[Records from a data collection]

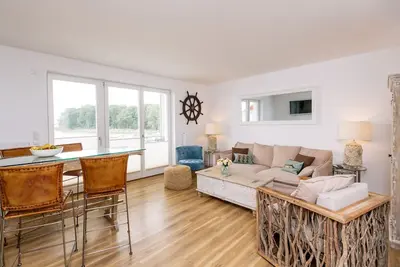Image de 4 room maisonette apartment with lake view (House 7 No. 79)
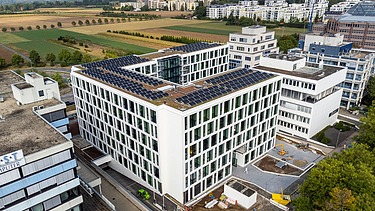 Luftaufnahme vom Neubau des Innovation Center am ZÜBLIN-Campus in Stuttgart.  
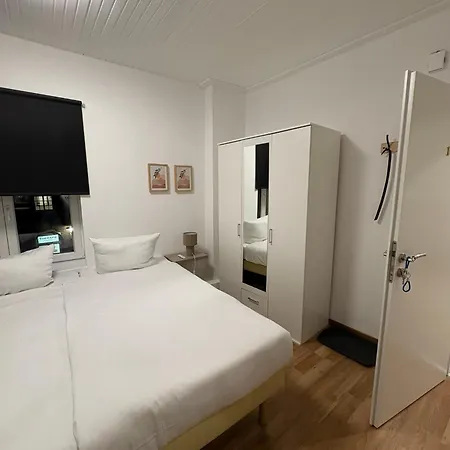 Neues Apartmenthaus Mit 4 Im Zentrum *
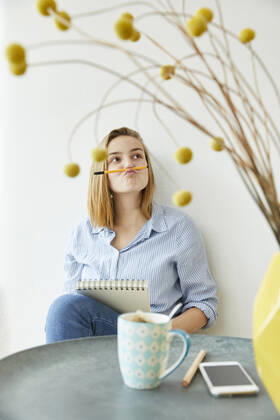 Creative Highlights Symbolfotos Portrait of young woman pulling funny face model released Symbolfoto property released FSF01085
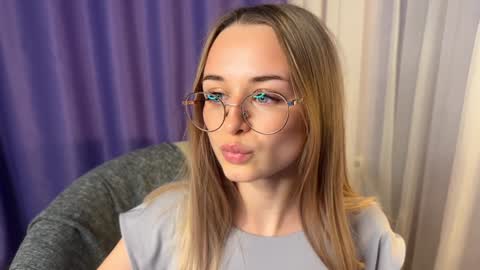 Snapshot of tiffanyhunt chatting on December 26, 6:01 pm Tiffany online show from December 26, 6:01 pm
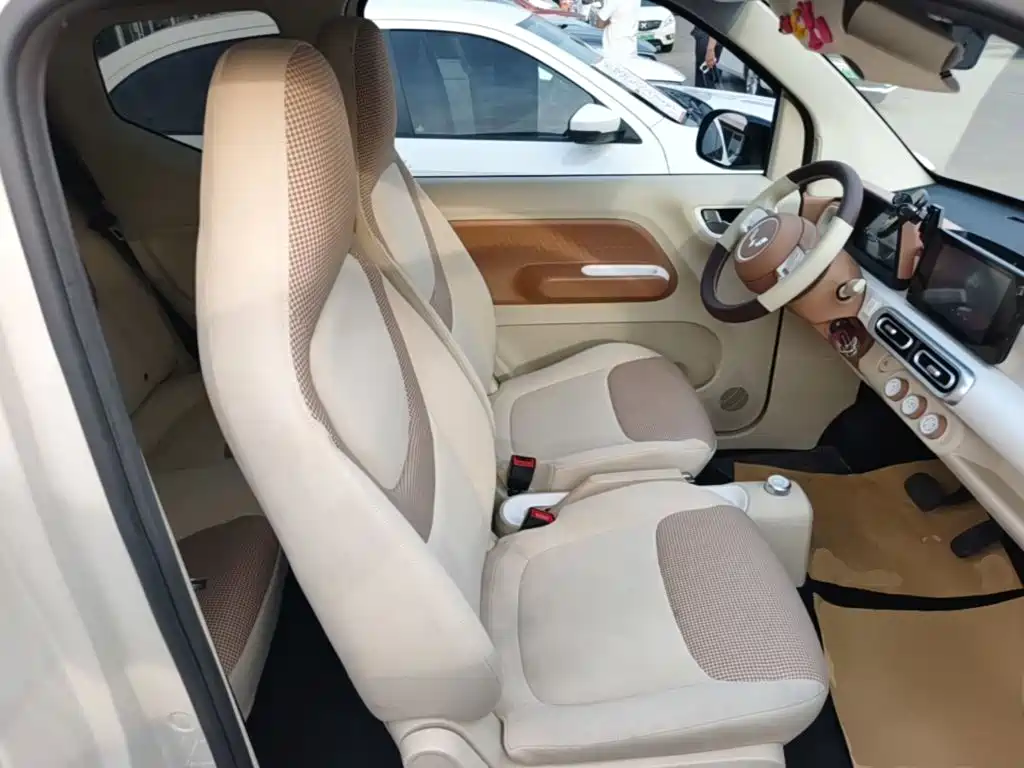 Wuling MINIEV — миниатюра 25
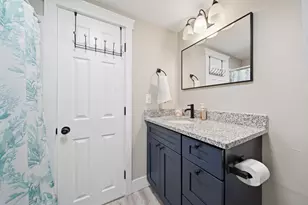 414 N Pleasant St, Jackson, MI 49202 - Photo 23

Task to carry out
The answer consists solely of the lines from the one holding "Snapshot of tiffanyhunt" through the last line of the entries above, set down verbatim, without any pictures.

Written response
 Snapshot of tiffanyhunt chatting on December 26, 6:01 pm Tiffany online show from December 26, 6:01 pm
 Wuling MINIEV — миниатюра 25
 414 N Pleasant St, Jackson, MI 49202 - Photo 23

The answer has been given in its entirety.